Sadly, like Israel of old we are a stubborn and ungrateful people, grumbling at every inconvenience, complaining at every hardship, doubting at every trial, rushing for every blessing, resisting at every sacrifice, running to every passion, fearing the ways of God, building the idols of the mind. Today, however, is not the day to dwell on the work that still remains. “You will always have the poor with you,” as we will always have the work of repentance and salvation. Today is the day that we measure the work that has, by the grace of God, been accomplished. Not in terms of production or quantity or the accomplishment of “formal obligations,” but in terms of the full measure of satisfaction that only comes to a heart open and soft from a “thirsting” and “hungering” after righteousness. Our communion with God begins again and again by submitting to His Word and work (liturgy) in obedience, humility and love. It begins in baptism and the “putting on” of Christ, by dying with Him and thereby rising with Him. It begins by living the Resurrection of Christ each and every moment, each and every day. It begins in the word of the Cross, “It is finished,” by dying to ourselves in Christ and to the world of sin and death, that our spiritual blood shed in war with the devil may add to the rising rivers of freedom leading all creation back to its Creator and the harbor of paradise.

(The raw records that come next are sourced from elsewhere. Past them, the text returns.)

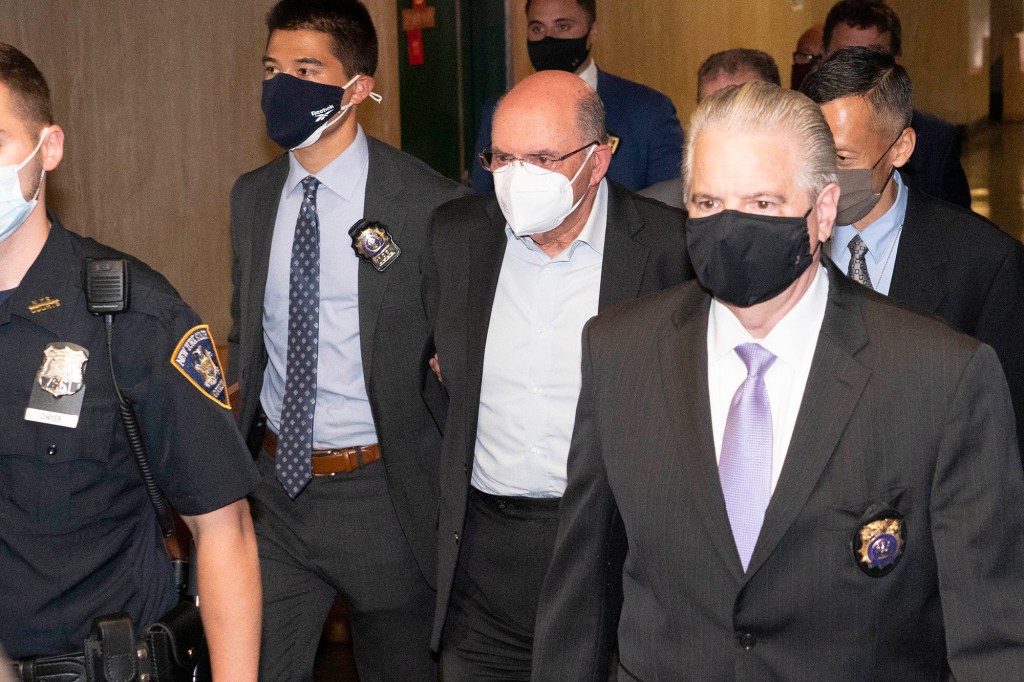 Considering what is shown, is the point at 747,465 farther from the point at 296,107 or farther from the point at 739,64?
the point at 739,64

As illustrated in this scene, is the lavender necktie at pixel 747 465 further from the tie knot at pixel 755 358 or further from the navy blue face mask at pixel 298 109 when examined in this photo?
the navy blue face mask at pixel 298 109

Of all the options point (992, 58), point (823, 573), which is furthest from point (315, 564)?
point (992, 58)

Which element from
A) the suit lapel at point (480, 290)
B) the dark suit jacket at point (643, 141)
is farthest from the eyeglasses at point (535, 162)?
the dark suit jacket at point (643, 141)

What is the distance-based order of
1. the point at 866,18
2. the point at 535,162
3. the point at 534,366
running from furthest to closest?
the point at 866,18
the point at 535,162
the point at 534,366

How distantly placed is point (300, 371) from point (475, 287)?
54cm

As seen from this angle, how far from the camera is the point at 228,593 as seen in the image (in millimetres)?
2178

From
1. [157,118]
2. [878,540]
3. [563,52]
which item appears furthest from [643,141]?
[878,540]

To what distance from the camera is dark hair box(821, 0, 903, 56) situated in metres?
5.28

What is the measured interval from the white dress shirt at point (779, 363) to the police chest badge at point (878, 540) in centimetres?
15

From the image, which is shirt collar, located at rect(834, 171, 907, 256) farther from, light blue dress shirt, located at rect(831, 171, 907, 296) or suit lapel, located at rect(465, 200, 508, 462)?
suit lapel, located at rect(465, 200, 508, 462)

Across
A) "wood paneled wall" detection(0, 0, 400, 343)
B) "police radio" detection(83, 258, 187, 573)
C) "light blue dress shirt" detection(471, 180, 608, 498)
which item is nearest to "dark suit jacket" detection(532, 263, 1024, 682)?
"police radio" detection(83, 258, 187, 573)

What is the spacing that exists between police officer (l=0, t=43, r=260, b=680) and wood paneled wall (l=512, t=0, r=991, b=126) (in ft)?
21.2

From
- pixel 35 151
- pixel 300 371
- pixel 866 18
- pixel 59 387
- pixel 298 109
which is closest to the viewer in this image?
pixel 59 387

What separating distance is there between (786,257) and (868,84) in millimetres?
1462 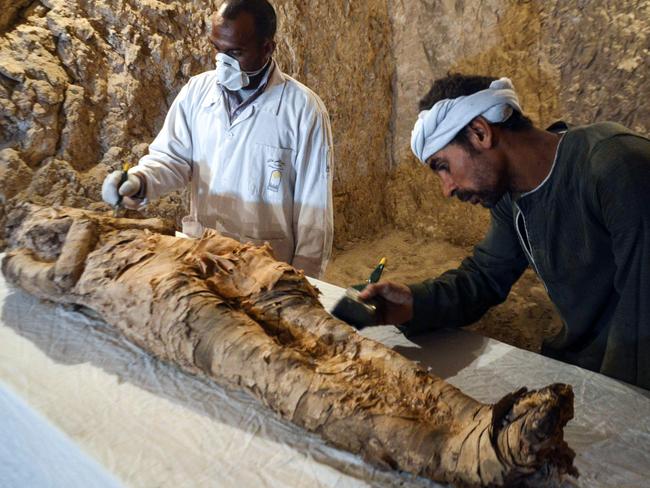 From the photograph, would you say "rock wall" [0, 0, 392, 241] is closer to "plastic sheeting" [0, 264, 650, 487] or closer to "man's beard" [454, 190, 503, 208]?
"plastic sheeting" [0, 264, 650, 487]

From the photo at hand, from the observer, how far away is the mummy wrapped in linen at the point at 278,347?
4.14 feet

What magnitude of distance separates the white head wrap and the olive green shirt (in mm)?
282

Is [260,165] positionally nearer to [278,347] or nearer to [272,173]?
[272,173]

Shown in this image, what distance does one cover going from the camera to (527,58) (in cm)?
462

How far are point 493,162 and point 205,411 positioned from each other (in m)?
1.32

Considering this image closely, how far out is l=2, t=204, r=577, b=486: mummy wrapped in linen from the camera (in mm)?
1262

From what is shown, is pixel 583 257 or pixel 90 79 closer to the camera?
pixel 583 257

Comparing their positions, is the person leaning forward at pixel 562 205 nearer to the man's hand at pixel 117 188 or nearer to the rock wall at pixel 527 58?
the man's hand at pixel 117 188

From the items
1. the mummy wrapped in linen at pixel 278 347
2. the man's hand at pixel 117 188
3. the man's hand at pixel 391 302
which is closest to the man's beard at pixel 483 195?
the man's hand at pixel 391 302

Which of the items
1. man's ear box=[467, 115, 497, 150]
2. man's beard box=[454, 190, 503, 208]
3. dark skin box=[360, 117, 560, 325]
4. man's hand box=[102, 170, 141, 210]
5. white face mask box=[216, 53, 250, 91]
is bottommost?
man's hand box=[102, 170, 141, 210]

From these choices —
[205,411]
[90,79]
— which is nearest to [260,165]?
[205,411]

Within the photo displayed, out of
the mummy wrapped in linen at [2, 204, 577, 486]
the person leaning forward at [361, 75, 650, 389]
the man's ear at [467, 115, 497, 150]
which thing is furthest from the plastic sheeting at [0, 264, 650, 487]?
the man's ear at [467, 115, 497, 150]

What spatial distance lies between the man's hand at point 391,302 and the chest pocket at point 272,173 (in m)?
1.02

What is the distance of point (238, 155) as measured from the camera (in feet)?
9.34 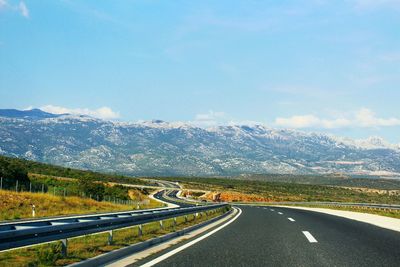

“Arduous” was a word recently used by a newcomer to Orthodoxy describing the rigors of Holy Lent. Beloved, Israel of old was tempted to return to the slavery of Egypt. How much more must we be willing to fight to keep the great gift of freedom received in the death and Resurrection of our Lord. Christ is risen and we are free! Let us live our freedom not to the glories of the world or of ourselves but to the Glory of God. Let us be faithful to our “obligations,” by wielding the weapons of virtue, prayer and fasting, only heightened during the days of lent, for the whole of our lives, disciplined not by the force of rule but rather by the force of love! Let us soften our hearts, opening them to the work of the Holy Spirit that our “hidden ‘thirst and hunger’ for communion with God” may be more deeply revealed. As lights to the world let us boldly proclaim by word and by deed, with angels and before man, “Christ is risen!”